Is it so hard to be nice?

Attorney Sam Stretton wrote an excellent piece for law.com today on providing an extension to a lawyer when he reasonably requests it.  Sam may not know this, but he actually represented my parents when I was a child. They spoke fondly of him.  I think this is because he isn’t only an attorney, he is a gentleman.

When I teach Bridge the Gap (for you non-Pennsylvanians a required 4 hour seminar that focuses on ethics for new attorneys) I stress exactly the point Sam makes in his piece.  It is, to me, an embarrassment that things got so bad here in Pennsylvania that our judiciary had to develop a code of civility to get attorneys and judges to behave appropriately to each other.

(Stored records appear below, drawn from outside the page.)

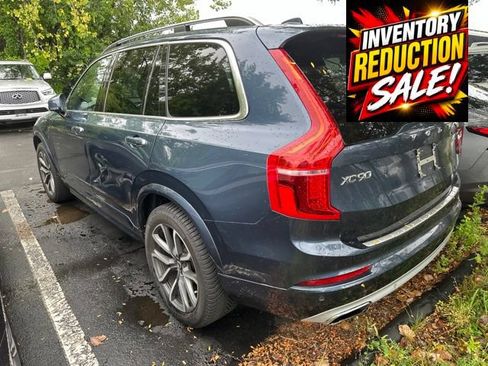 Used 2018 Volvo XC90 T6 Momentum w/ Momentum Plus Package AWD/4WD image 4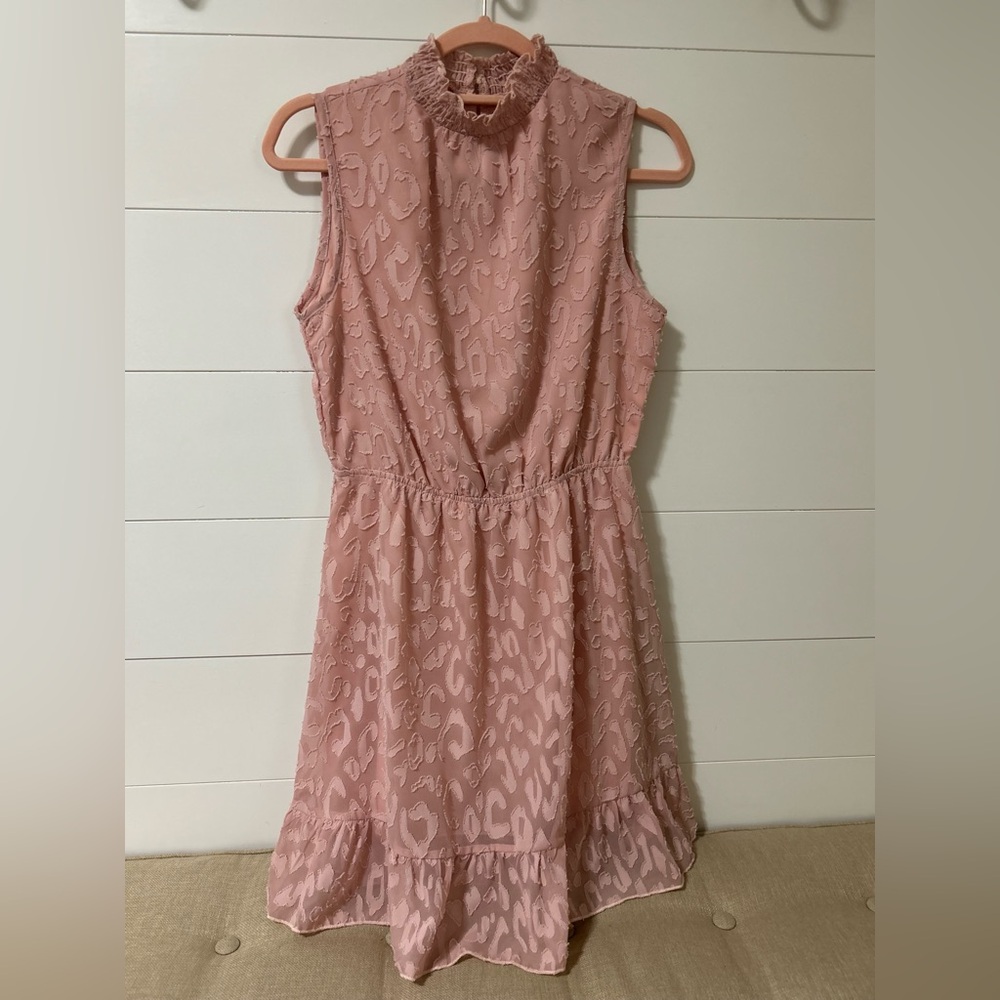 Sleeveless chifffon dress
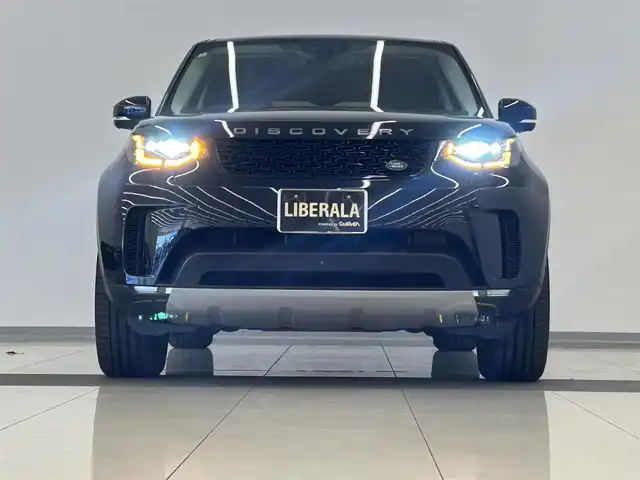 ランドローバー ランドローバー ディスカバリー HSE 岡山県 2018(平30)年 4万km サントリーニ・ブラック ワンオーナー/MERIDIANスピーカー/パノラマサンルーフ/純正ナビ/360°カメラ/サイドステップ/レザーシート/シートヒーター/純正20インチAW/AEB/LDW/BSA/LEDヘッドライト/オートライト/レインセンサー/パワーテールゲート/Bluetooth/フルセグTV/CD/DVD/エアサス/PDC/2，3列目電脳格納シート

I believe in being a strong advocate. Showing weakness in a case is a bad idea.  But regardless of what an attorney or his client might think, being polite is not showing weakness. Strength is not shown through bullying, nasty behavior. It is shown by engaging in the appropriate tactics necessary to play the chess game that can be litigation. There are times to stand strong, certainly, but standing strong is different from refusing each and every reasonable request of opposing counsel just because you can; or even because your client, who might themselves need you to delay something in the future, says so. Your client shouldn’t be calling the tactical shots anyway. Who went to law school?